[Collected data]
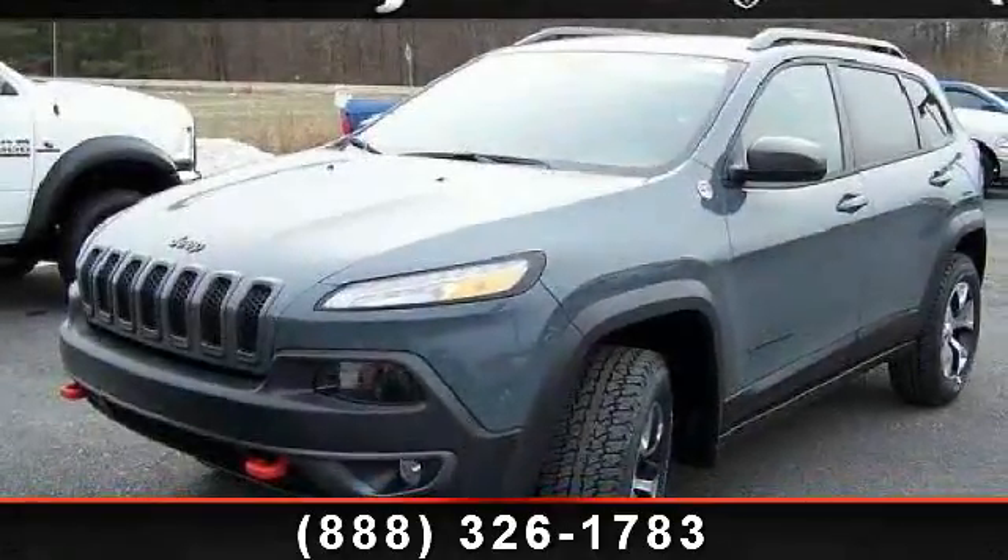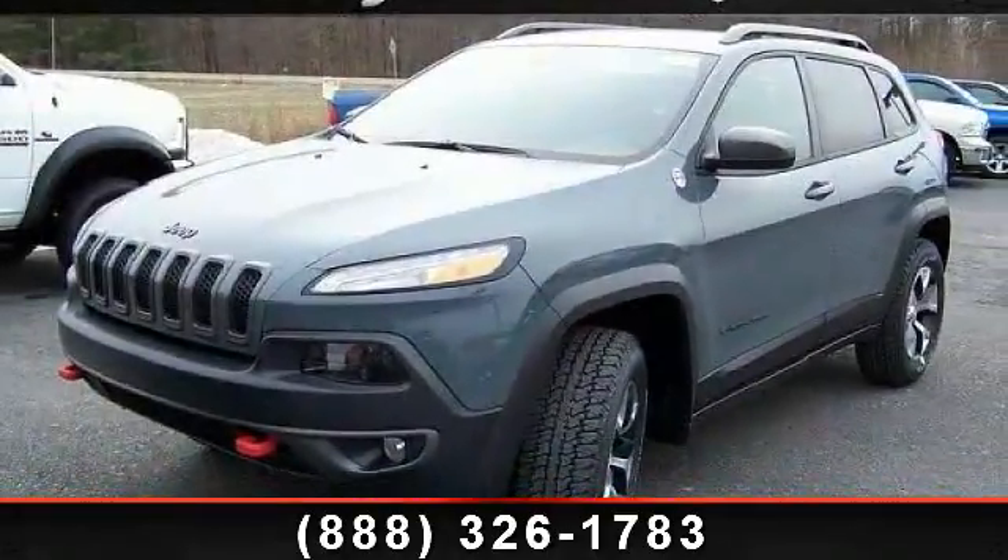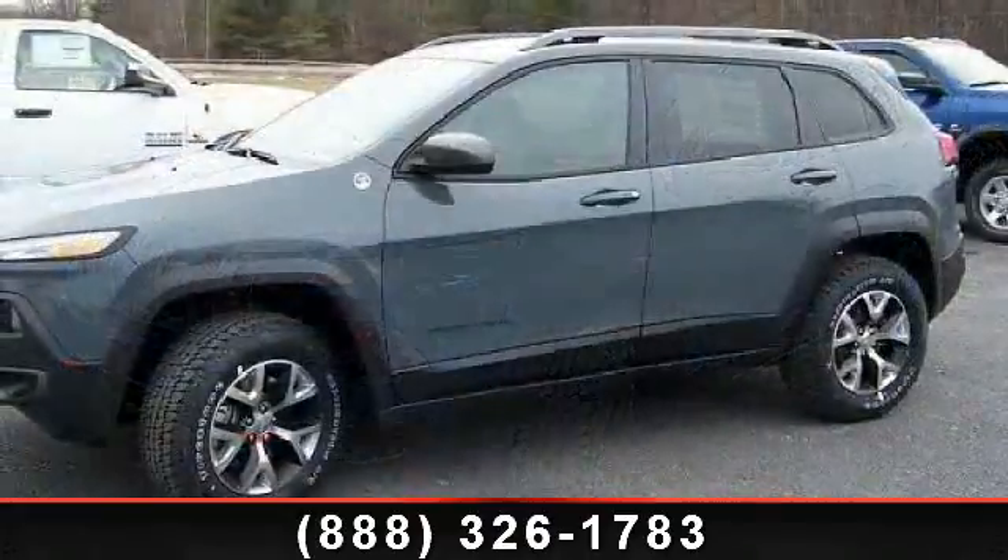Arrive in style with this 2014 Jeep Cherokee Trailhawk. This may be the set of wheels you've been looking for.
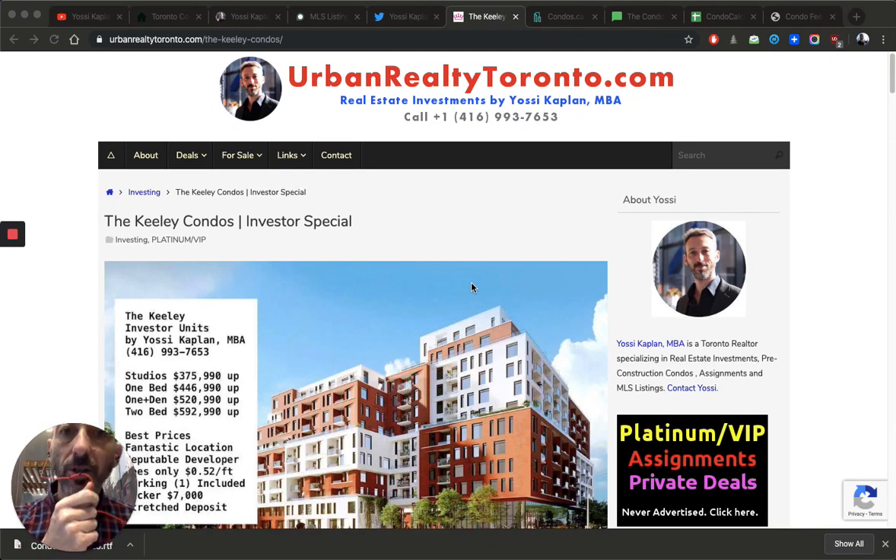Condo fees — what's going on with condo fees? Are they a scam or a necessity? Are they real or are they just taking our money? Yossi Kaplan here, Toronto real estate agent, mortgage broker, Research Realty Insurance Mortgage. Today I'm going to expose everything I know about condo fees and explain why they start low and jump up, why they sometimes come down, what's included, and how to find out what's going on. It's a dirty business, so let's start — urbanrealtytoronto.com.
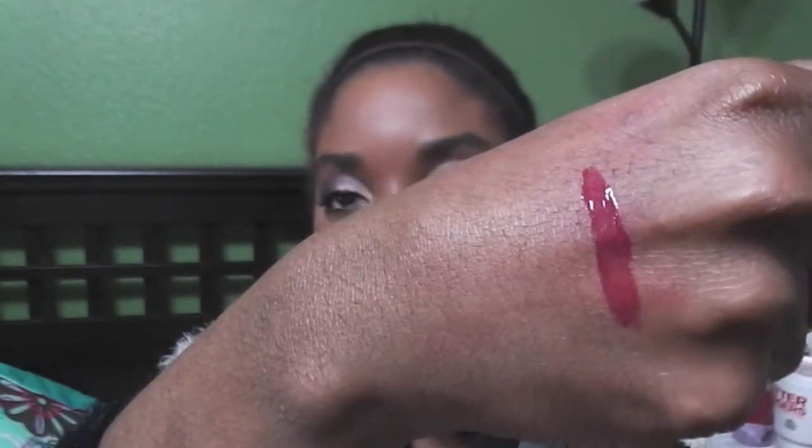Both of these are Revlon — Revlon ColorBurst lip gloss in Bordeaux. For those of you who are not fans of lipstick, I did think of you — you're welcome! Here's the color — look at that, isn't that pretty? Get on it right now, right this second. It is called Revlon ColorBurst Bordeaux.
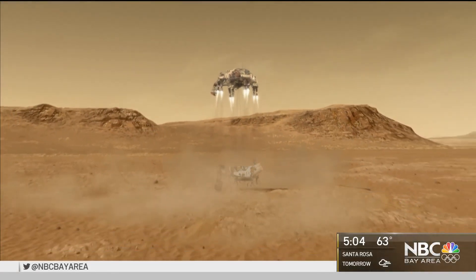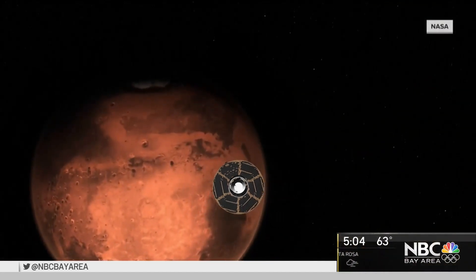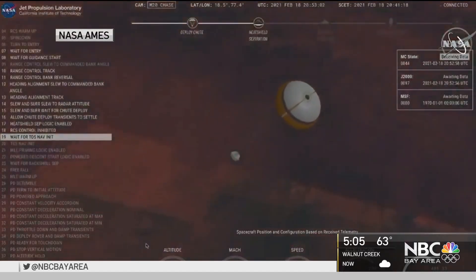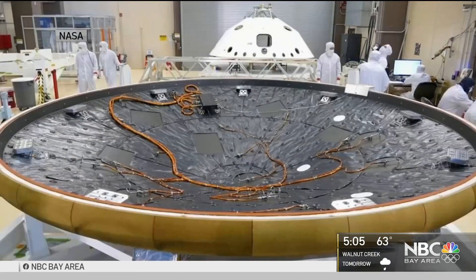NASA's Mars rover Perseverance flew hundreds of millions of miles through space and survived its seven minutes of terror to get to the red planet. NASA Ames of Mountain View provided the heat shields for landing.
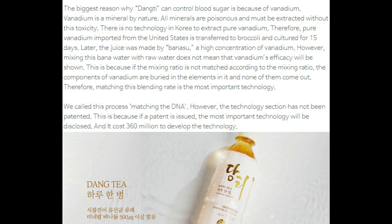The biggest reason why Dang Tea can control blood sugar is because of vanadium. Vanadium is a mineral by nature. All minerals are poisonous and must be extracted without this toxicity. There is no technology in Korea to extract pure vanadium. Therefore, pure vanadium imported from the United States is transferred to broccoli and cultured for 15 days, later made into a juice with a high concentration of vanadium.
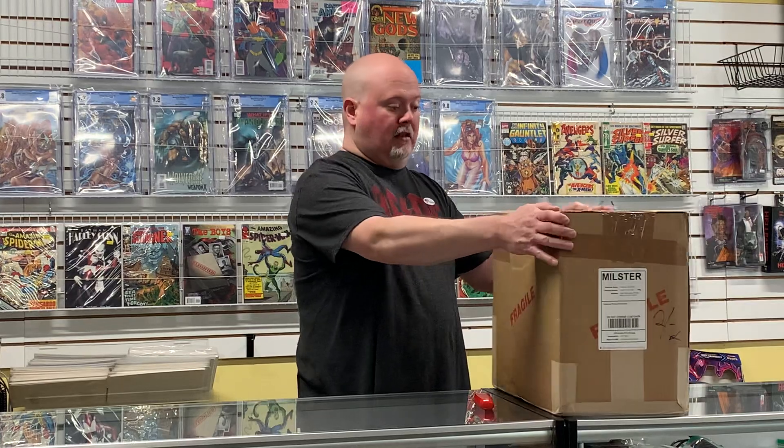I'm happy to provide this service, but there isn't too much in here that I necessarily would have gotten graded myself. They wanted them graded — they like to display them this way — and I'm getting more and more customers who want this, so I'm happy to do it for them.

> [Aim of the task] Your task is to return the entries above exactly, with no pictures.

> [Result of the task]
Arrive in style with this 2014 Jeep Cherokee Trailhawk. This may be the set of wheels you've been looking for.
Condo fees — what's going on with condo fees? Are they a scam or a necessity? Are they real or are they just taking our money? Yossi Kaplan here, Toronto real estate agent, mortgage broker, Research Realty Insurance Mortgage. Today I'm going to expose everything I know about condo fees and explain why they start low and jump up, why they sometimes come down, what's included, and how to find out what's going on. It's a dirty business, so let's start — urbanrealtytoronto.com.
Both of these are Revlon — Revlon ColorBurst lip gloss in Bordeaux. For those of you who are not fans of lipstick, I did think of you — you're welcome! Here's the color — look at that, isn't that pretty? Get on it right now, right this second. It is called Revlon ColorBurst Bordeaux.
NASA's Mars rover Perseverance flew hundreds of millions of miles through space and survived its seven minutes of terror to get to the red planet. NASA Ames of Mountain View provided the heat shields for landing.
The biggest reason why Dang Tea can control blood sugar is because of vanadium. Vanadium is a mineral by nature. All minerals are poisonous and must be extracted without this toxicity. There is no technology in Korea to extract pure vanadium. Therefore, pure vanadium imported from the United States is transferred to broccoli and cultured for 15 days, later made into a juice with a high concentration of vanadium.
I'm happy to provide this service, but there isn't too much in here that I necessarily would have gotten graded myself. They wanted them graded — they like to display them this way — and I'm getting more and more customers who want this, so I'm happy to do it for them.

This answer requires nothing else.